I know this is the band and tubes section... but right in the middle of bands or tubes lies a pouch.

Sure laminated costs more... but man do they handle and last! And the feel and control is superb.

All that said my first Warrior Pouches were gifts from SSF members. Full disclosure- I am and always will biases toward SSF memebers. Y'all are the best!

But Berk, A.K.A. Warrior Pouches, is the best service I have ever had. And that says a lot since I have had all really great service From Pocket Predator, Simple Shot, Matt Redding, and many more.

If you are new making band sets or an old hand... do yourself a solid and try these.

Thanks, Berk.
Thanks, SSF peoples.


----------



## andypandy1 (Apr 8, 2016)

Berk is one heck of a guy, always a pleasure doing business with him.


----------



## MakoPat (Mar 12, 2018)

And ole Noah Ray is a fine one do transact with.

Don't get me wrong I love to make my stuff out of "discarded" material and item. I have some thin leather/leather-like material I cut off of something... I makes excellent pouches. But after a 1,000 rnds it is stretched out of wack... and I do not draw hard weight either. 5.5" active band for a 24" or 26" draw. 400% max.


----------



## mattwalt (Jan 5, 2017)

I like Warrior pouches - Berk is great to do business with.


----------



## Ibojoe (Mar 13, 2016)

He set out to build an awesome pouch and did just that. Top shelf!


----------



## Tag (Jun 11, 2014)

Thanks for sharing MakoPat


----------



## Samurai Samoht (Apr 6, 2013)

It has always been a pleasure when dealing with Berk. Great service and quick responses. :thumbsup: :thumbsup:


----------



## Wreck-it (Mar 25, 2019)

I like warrior pouches. They seem to last forever.


----------



## Blue Raja (Feb 10, 2016)

Just when I was getting good at making pouches from "urban leather" (fake suede scraps and duct tape) along comes Mako Pat and opens up a whole 'nother can of worms. Can't imagine what he is going to suggest next. Maybe making bands from resistance tubes instead of chaining rubber bands together?


----------



## Covert5 (Feb 7, 2018)

Warrior pouches are awesome! Berk's customer service is superb. Tell him what you are looking for and he will give you suggestions and even throw you a few extras to try. I love the roo samurai pouch they last forever!


----------



## Crazy Canuck (Dec 20, 2018)

I'm horribly addicted to the microfiber Samurai's (I blame SamuraiSamoht because he gifted me one with my first slingshot). I think I have a lifetime supply, but will probably still end up getting more! Saw he just made some Navy Seals in the microfiber! They're on my next to try list.


----------



## theTurk (Feb 25, 2016)

Wow! Thank you Patrick and everyone else for their kind words.
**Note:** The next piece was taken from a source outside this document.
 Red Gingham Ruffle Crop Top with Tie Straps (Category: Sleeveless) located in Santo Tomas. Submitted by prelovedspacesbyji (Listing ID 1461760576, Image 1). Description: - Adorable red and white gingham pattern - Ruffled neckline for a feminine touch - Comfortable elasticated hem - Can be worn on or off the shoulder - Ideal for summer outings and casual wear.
Sent from my iPhone using Tapatalk


----------



## AKA Forgotten (Jan 26, 2019)

Hope you don't mind me jumping on your waggon, but my Warrior Roo Knight's arrived today. Amazing service and quality as you all know already. But my first order and only eight days from order to banded and tubed. Out to shoot them very soon as I can't wait.


----------